De Bond houdt eens in de drie jaren een algemeen congres (het eerste te Berlijn in 1864, het 17e, voorloopig helaas het laatste, in 1912 te Hamburg), terwijl er elk jaar een vergadering plaats heeft van een Permanente Commissie, waarvan sinds 1900 onze landgenoot Prof. G. van de Sande Bakhuyzen Secretaris is. Het Programma van werkzaamheden van den Bond omvat behalve de eigenlijke gr. nauwkeurige waterpassingen, onderzoekingen omtrent plaatselijke afwijkingen van het paslood, slingerwaarnemingen ter bepaling van de zwaartekracht op verschillende punten van den aardbol, het onderzoek van de breedteverandering, enz. Onder de auspiciën der Internat. Erdm. werden in de laatste kwart-eeuw weer eenige groote gr. uitgevoerd of begonnen: in de Ver. St. van N.-Amerika een Lengte-Gr. op de parallel van + 39°, een West-Europeesche, die Frankrijk met Algiers moet verbinden, een Zweedsch-Russische Gr. op Spitsbergen, een Amerikaansche Gr. van Canada tot Mexico, die men tot aan Kaap Hoorn hoopt voort te zetten en een Engelsche Gr., langs den meridiaan van 30° Oosterlengte, van Egypte tot de Kaap. De laatste zal zich in aansluiting met Europa ten slotte over een boog van 106° (Noordkaap tot Kaap de Goede Hoop) uitstrekken. Verder kleinere in Australië, Chili, Ecuador, Noorwegen, Britsch-Indië, enz., en in Peru een herhaling van de Fransche Gr. van 1735.
Het ziet er voorloopig helaas niet naar uit, of de Int. Erdm. haar werk als Wereldbond zal kunnen voortzetten: daarvoor is in sommige landen der Entente al wat van Duitschen oorsprong is tijdens den Wereldoorlog te gehaat geworden. Nederland heeft van den aanvang (1862) af aan de Europeesche Gr. deelgenomen: in 1866 werd een aanvang gemaakt met de triangulatie en in 1875 met de nauwkeurigheids-waterpassing van ons land, welke ondernemingen respectievelijk werden opgedragen aan Dr. F. J. Stamkart en Dr. L. Cohen Stuart; in 1879 werd het raadzaam bevonden den arbeid in handen te stellen van een Rijkscommissie voor Graadmeting en Waterpassing, welke bij Kon. besluit van 20 Febr. 1879 werd ingesteld; deze Commissie, wier werkzaamheden door den Minister van Binnenl. zaken geregeld worden, bestond oorspronkelijk uit een zestal geleerden, en werd bij Kon. besl. van 1 Juni 1911 uitgebreid met eenige hoofdambtenaren, den Hoofdingenieur-Directeur van den Waterstaat (algemeene dienst), den Chef der Afd. Hydrografie van het Dept. van Marine, en den Directeur van de militaire verkenningen. Behalve uit deze titularissen bestond de Commissie in 1919 uit: Dr. H. G. van de Sande Bakhuyzen, Voorzitter, Dr.

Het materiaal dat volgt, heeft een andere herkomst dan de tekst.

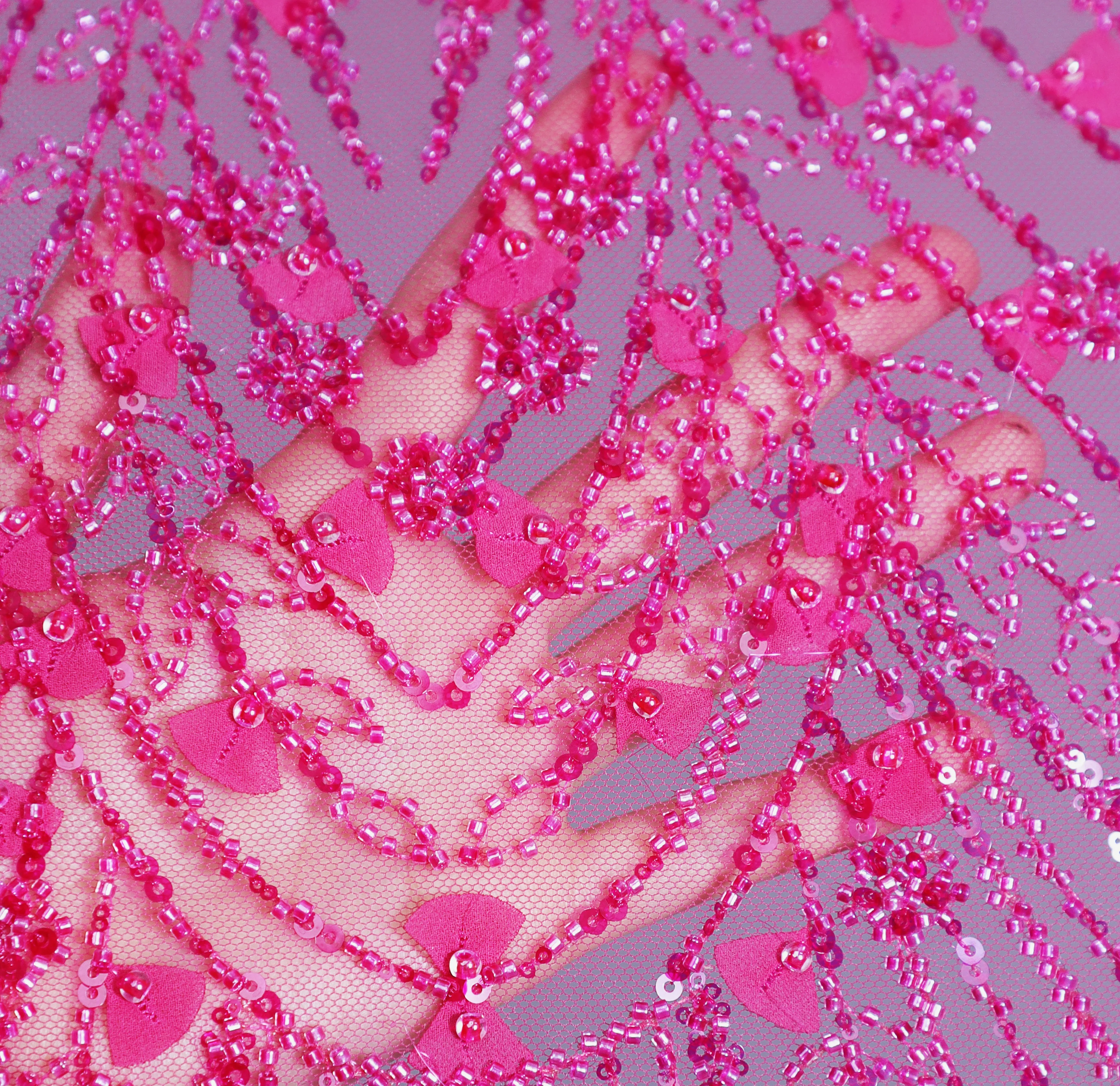 ZX221-1  Fuchsia Purple Laser cut beaded luxury fabric, tulle beading lace fabric with chiffon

J. J. A. Muller, Ir. P. J. Hogenhuis (ingenieur-verificateur van het kadaster; het is de bedoeling, dat deze hoofdambtenaar later q.q. zitting in de Commissie heeft), Dr. J. P. Kuenen, Dr. A. A. Nijland en Ir. Hk. J. Heuvelink, Secretaris.

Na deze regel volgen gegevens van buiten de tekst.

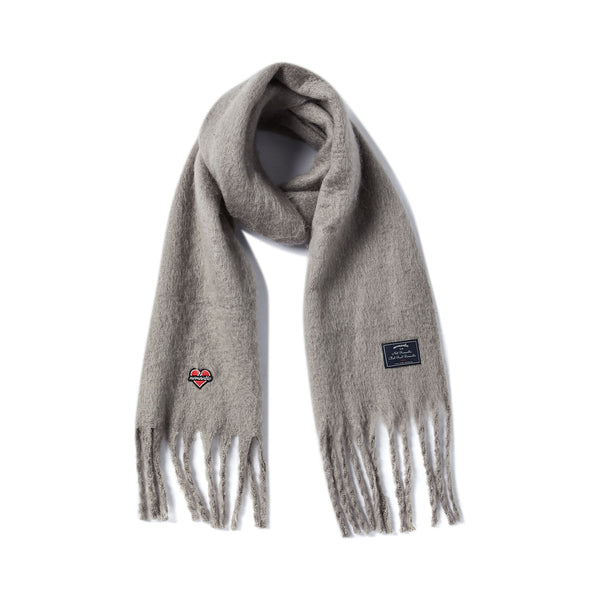 NOMANTIC LOGO MOHAIR MUFFLER GRAY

De Nauwkeurigheids-waterpassing is in 1885 voleindigd; er bestaan plannen om dit werk te herhalen. De primaire Driehoeksmeting werd in 1910 voltooid; sinds 1889 belast de Commissie, oorspronkelijk op verzoek van den Minister van Financiën, zich ook met de secundaire Driehoeksmeting, die thans (1919) bijna voltoooid is. In 1911 werden voorbereidende maatregelen getroffen tot het uitvoeren van slingerwaarnemingen. In 1913 werd bij Stroe op de Veluwe een Basismeting (zie Suppl.-Bd.) verricht.